What you return must match the records word for word, except that pictures are dropped.

>>

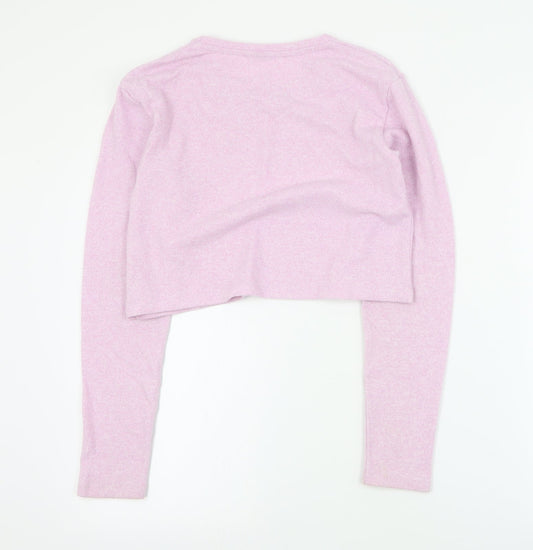 Matalan Girls Pink Round Neck Polyester Pullover Jumper Size 12 Years Pullover - Cropped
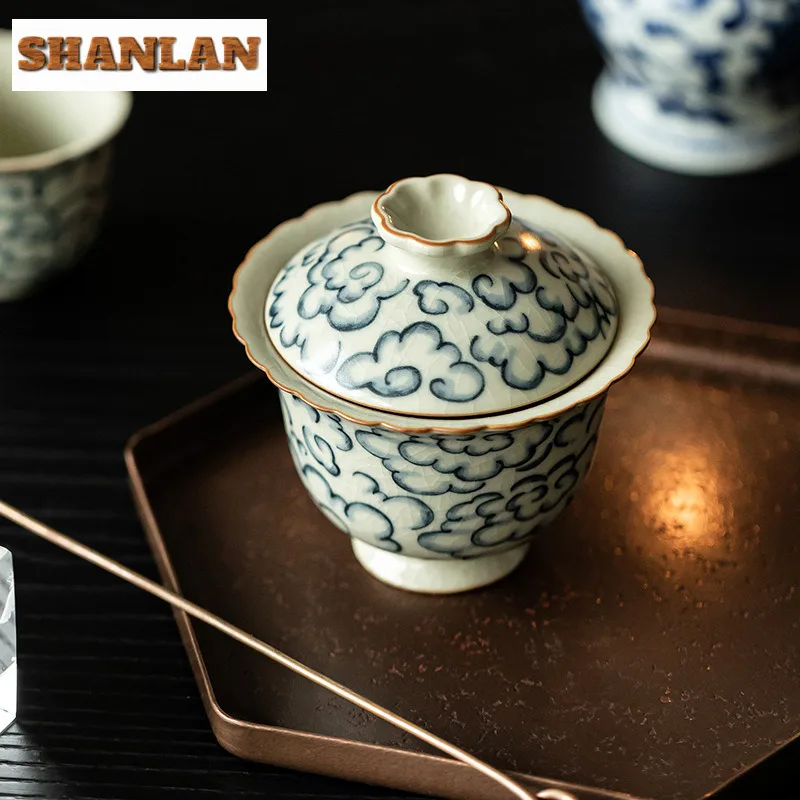 Ru Kiln Lace Ercai Cover Bowl Zen Auspicious Cloud Fair Cup Ceramic Anti-scald Gaiwan Creative Justice Cup Tea Brewing Teaware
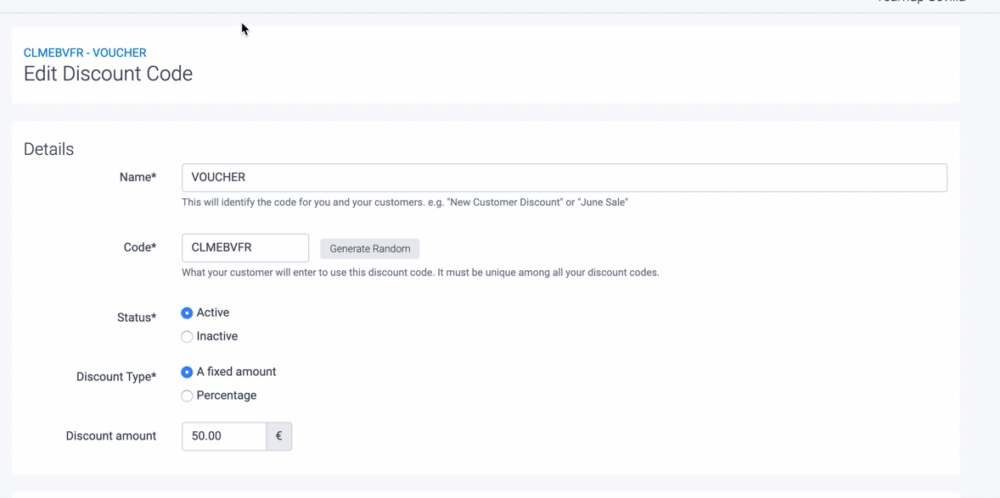 TeamUp discount code edit page.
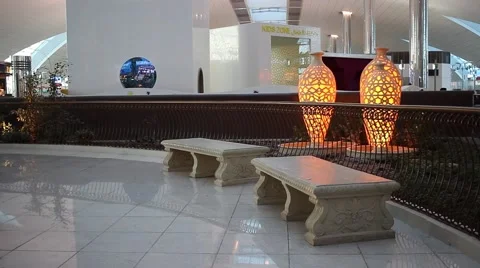 Stone benches in Terminal 3 Stock Footage 58801320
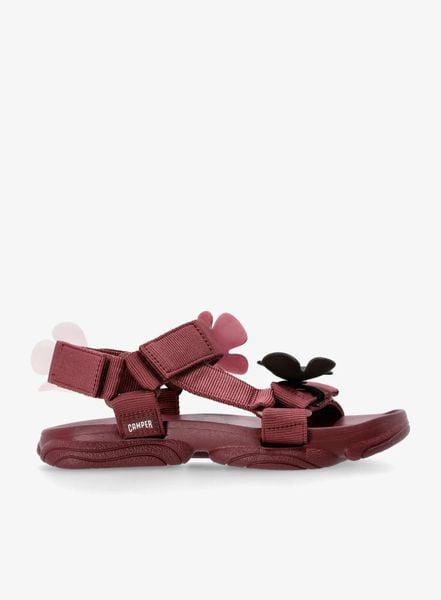 Sandały damskie Camper Karst Sandal. Czerwone sandały damskie Camper, bez wzorów, bez obcasa, bez zapięcia. Za 478.49 zł.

<<

* [Result below]
 Matalan Girls Pink Round Neck Polyester Pullover Jumper Size 12 Years Pullover - Cropped
 Ru Kiln Lace Ercai Cover Bowl Zen Auspicious Cloud Fair Cup Ceramic Anti-scald Gaiwan Creative Justice Cup Tea Brewing Teaware
 TeamUp discount code edit page.
 Stone benches in Terminal 3 Stock Footage 58801320
 Sandały damskie Camper Karst Sandal. Czerwone sandały damskie Camper, bez wzorów, bez obcasa, bez zapięcia. Za 478.49 zł.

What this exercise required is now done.